The Adilkno essay argues that the hybrid character of media is elided for as long as the focus is on the “human factor”. Similar to OOOers, the point is that they are emphasising the ontological dimension of what Beller is calling the ‘technological’.

Media Genealogy

“Media genealogy is to be interpreted as the chronicle of the coming-out of the alien.”

The neo-McLuhanist approach of Adilkno is fully apparent in their account of the manifestation of the ‘alien’ as a historical signature of media development. Awareness by producers and users of the hybridity of media prompts the development of new media. Aliens “arrive everyday at the push of button” and they “steer humanity toward new media techniques”. The media archaeology movement has a very thorough appreciation of this manifestation of the alien-as-agency that subsumes and coordinates human sensory apparatus. Traces of the alien are found in nineteenth century literature as the experience of a foreign body within the body: the “poetic mechanism is a vehicle for ‘outside powers’.” The alien taps into the human subconscious in the form of images of the supernatural. At stake is the erasure of the distance between the image and the experience, or the experience of the ‘image’ itself. “The alien follows its own trajectory.” This account of media archaeology is preoccupied with the alienation of human experience that transforms media into a conduit of dissassociated ‘(im)personal’ charisma. Manifestation of celebrity worship is not the dialectical subsumption of desire into the ego via the image, but the condition of possibility for belonging itself.
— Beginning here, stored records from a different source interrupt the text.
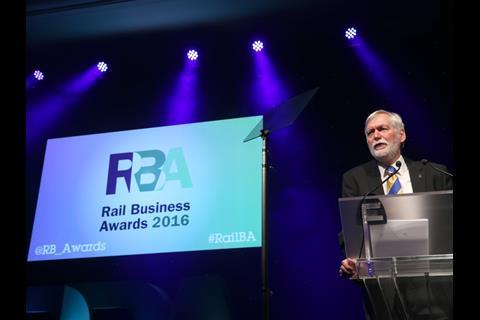Hosted by Railway Gazette at London’s Hilton hotel on Park Lane on February 23, the 19th Rail Business Awards bought together 600  executives and experts from across the UK rail sector.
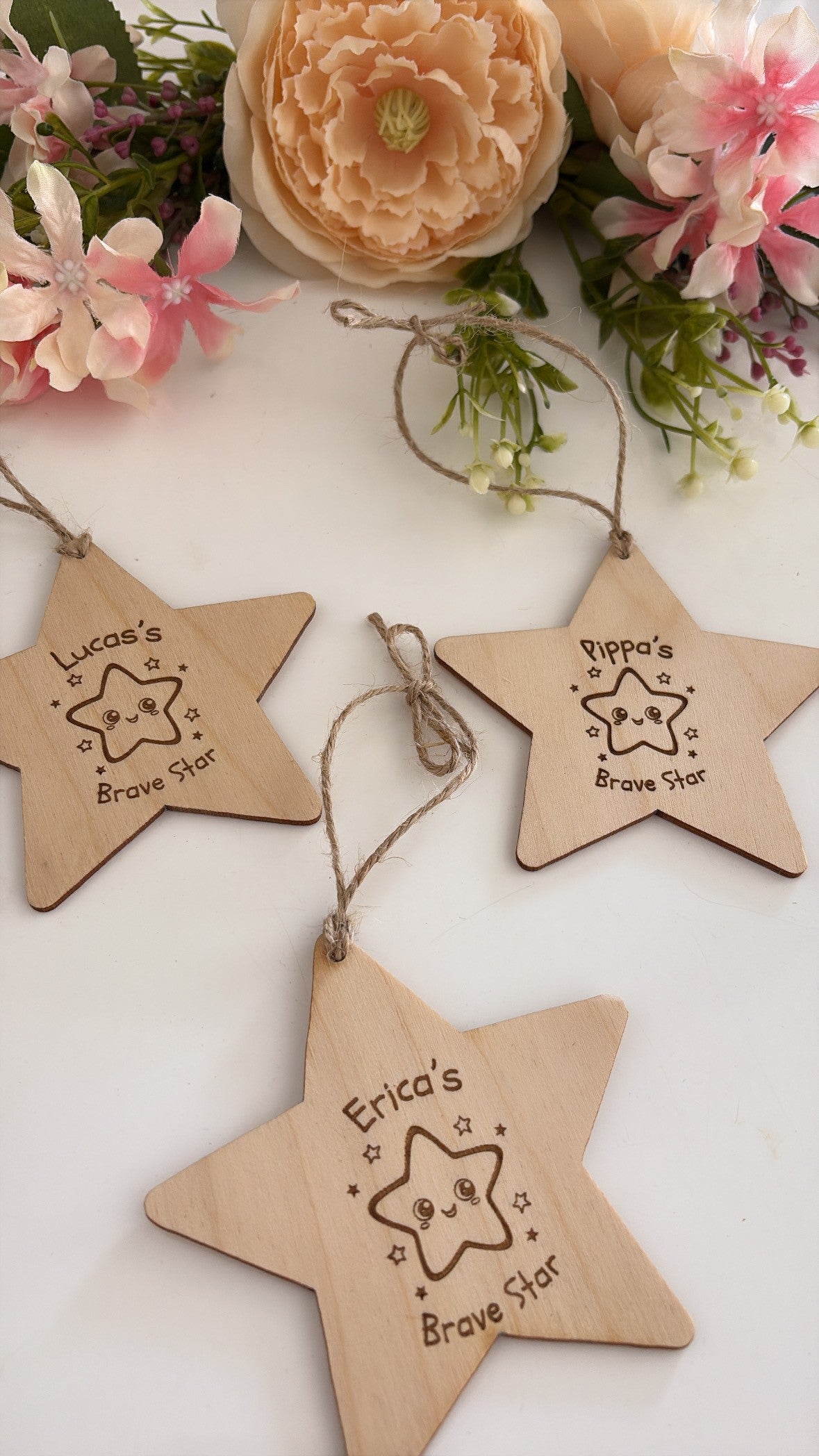 Personalised Brave Star Wooden Keepsake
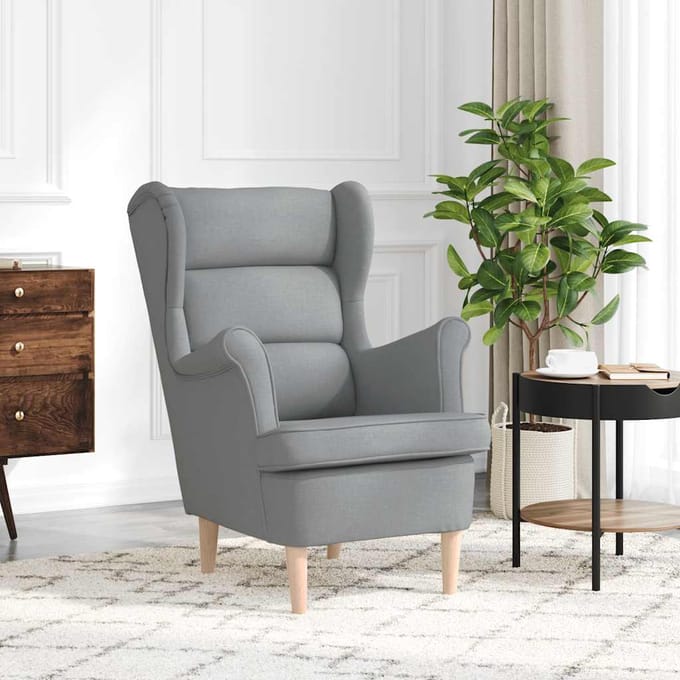 vidaXL - Fauteuil - 74x84x100 - cm - stof - lichtgrijs
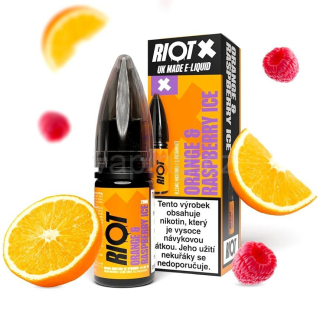 E-liquid Salt RIOT X s příchutí ORANGE RASPBERRY ICE 10ml (chladivý pomeranč a malina) 5mg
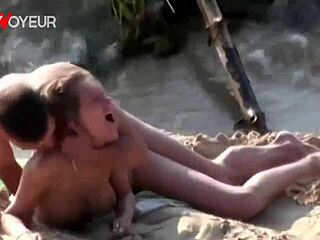 beach voyeur watches hot teen babe get hammered into sand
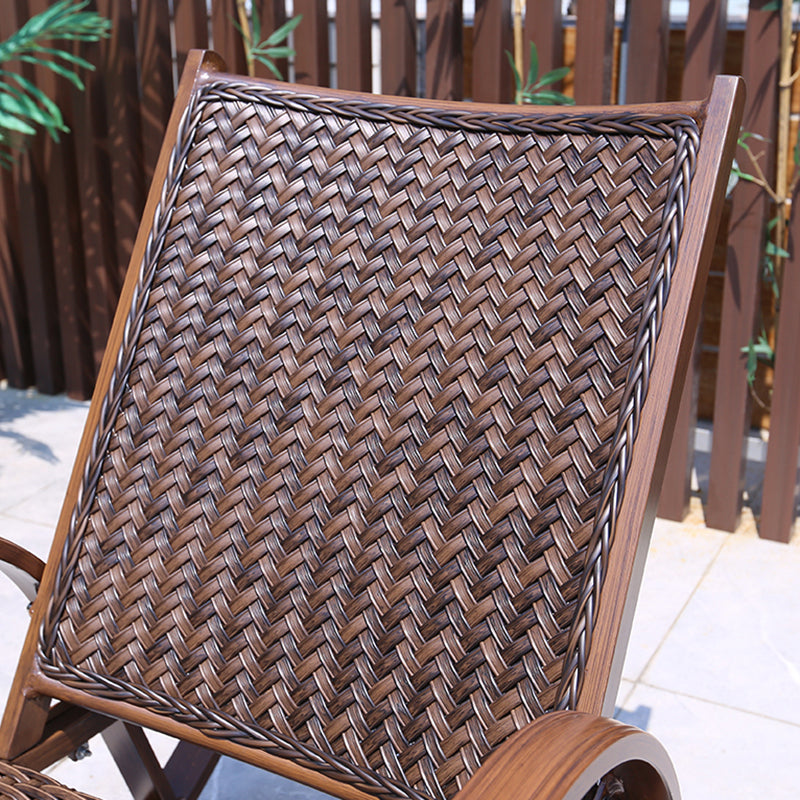 Wicker Modern Rocking Accent Chair Ergonomic Spindle Rocker Chair for Outdoor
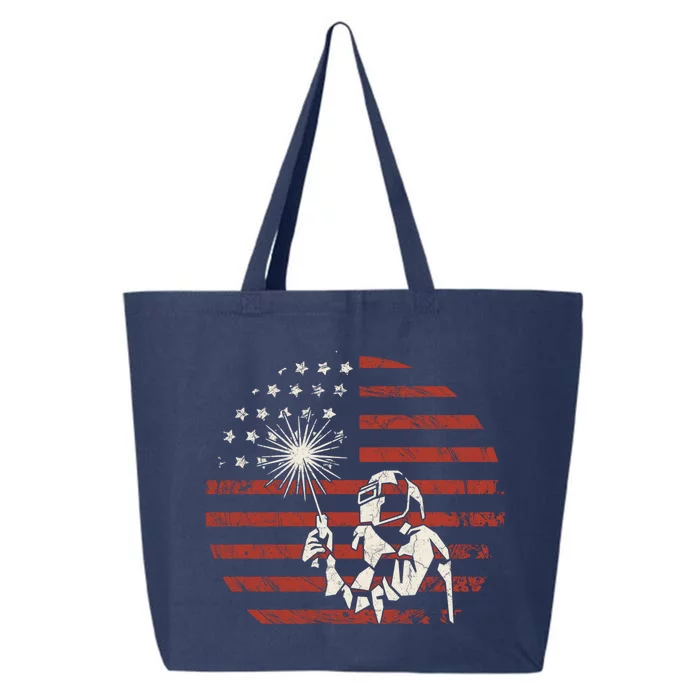 Welder Vintage Usa American Flag Welding Dad Gift 25L Jumbo Tote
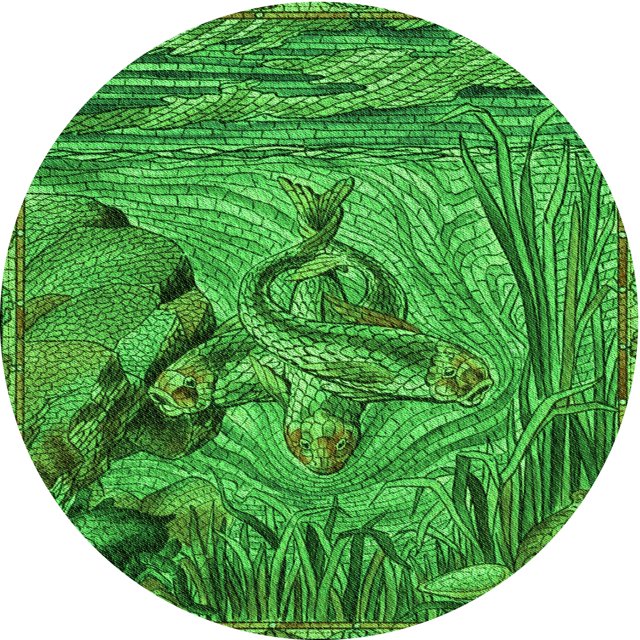 Ahgly Tapis Rond Lavable en Machine Intérieur Transitionnel Vert Émeraude Profond, 4 Pieds Rond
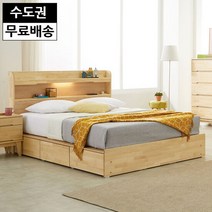 로하 자작나무 원목 침대프레임 부부 2인용 킹사이즈, 단품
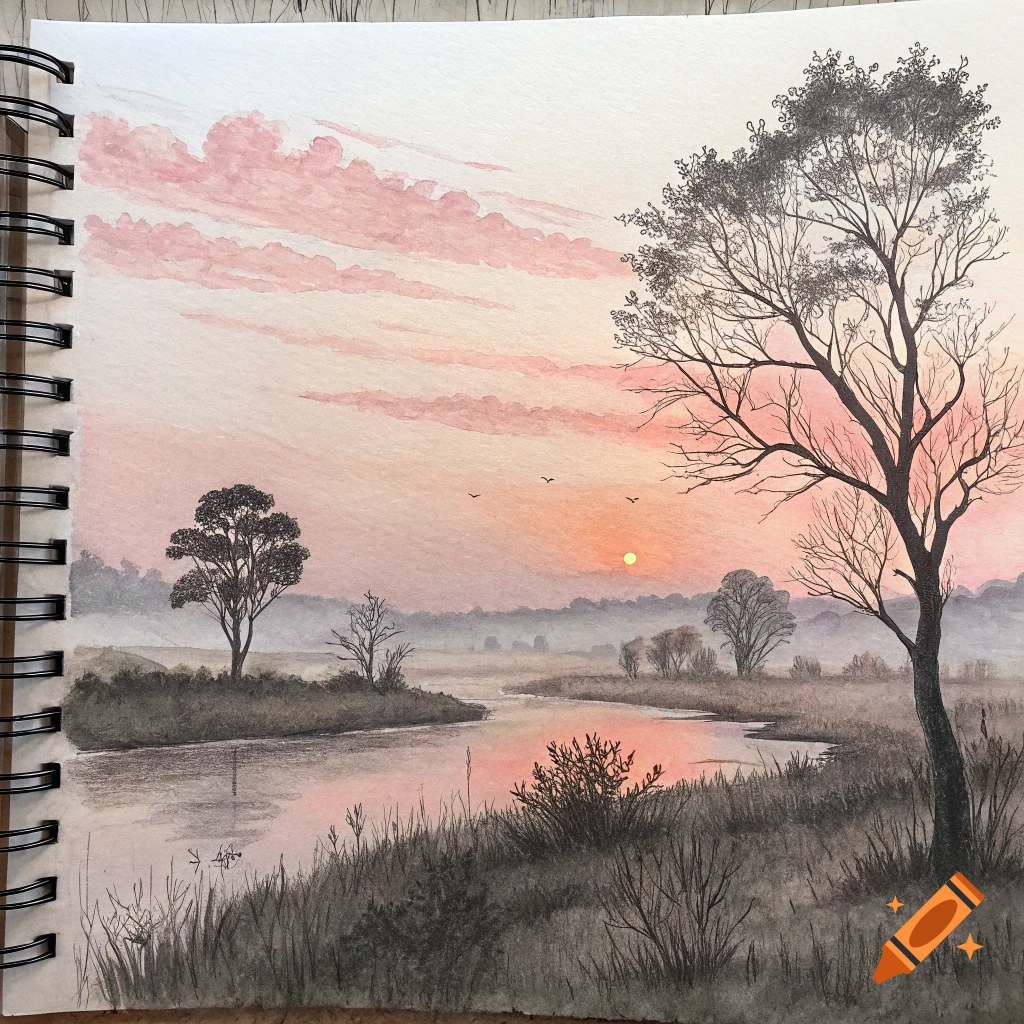 Watercolor sketch of a sunset over a river landscape with trees and birds.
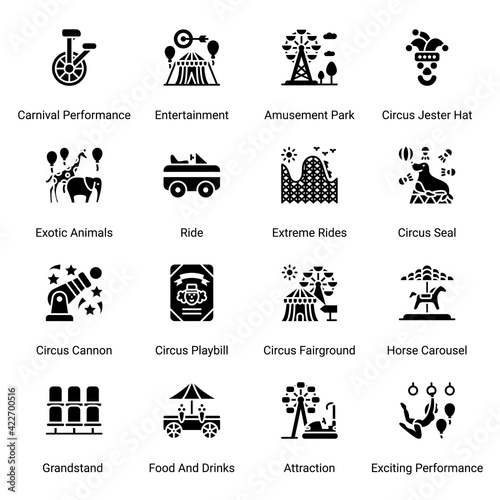 Circus Elements Glyph Icons - Solid, Vectors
Adorno as a critical theorist of temporality

Any critique of Adorno’s concept of the culture industry or mass culture that begins by introducing the notion of identity and the relation between identity and any segment of culture focuses on what is essentially the weakest, if not inconsequential, part of Adorno’s critique. The ‘identity’ critique is based on an overvaluation of the importance of variation (aesthetic or otherwise) in a cultural commodity or a range of cultural commodities. For example, the distinction made by Bernard Gedron between a cultural text and a functional artefact in his critique of Adorno’s critique of popular music relies on the kind of ‘information’ that Adorno argued was required for patrons of mass culture to be able to identify the objects of their ‘curiosity’. Gedron argues that unlike a particular part of a particular model of a mass produced automobile that can be swapped out for another part, a cultural text does not have this parts interchangeability. A more sophisticated version of this critique in the latter part of Gedron’s article is to suggest that the apparent changes within a given market of popular culture is clearly evident of Adorno’s inability to sufficiently account for variability of identity. A focus on cultural commodities at the expense of other aspects of Adorno’s critique signals an utter misapprehension of Adorno’s critique. More broadly, as noted by Max Pensky, there is a normative mode of engagement with Adorno’s writings that is little more than a “ritualistic gesture, reiterating the familiar charges of elitism, pessimism, and high-modernist myopia.” Pensky continues to say that the “trouble is that such accounts effectively preclude critical engagement with the body of thought in question.”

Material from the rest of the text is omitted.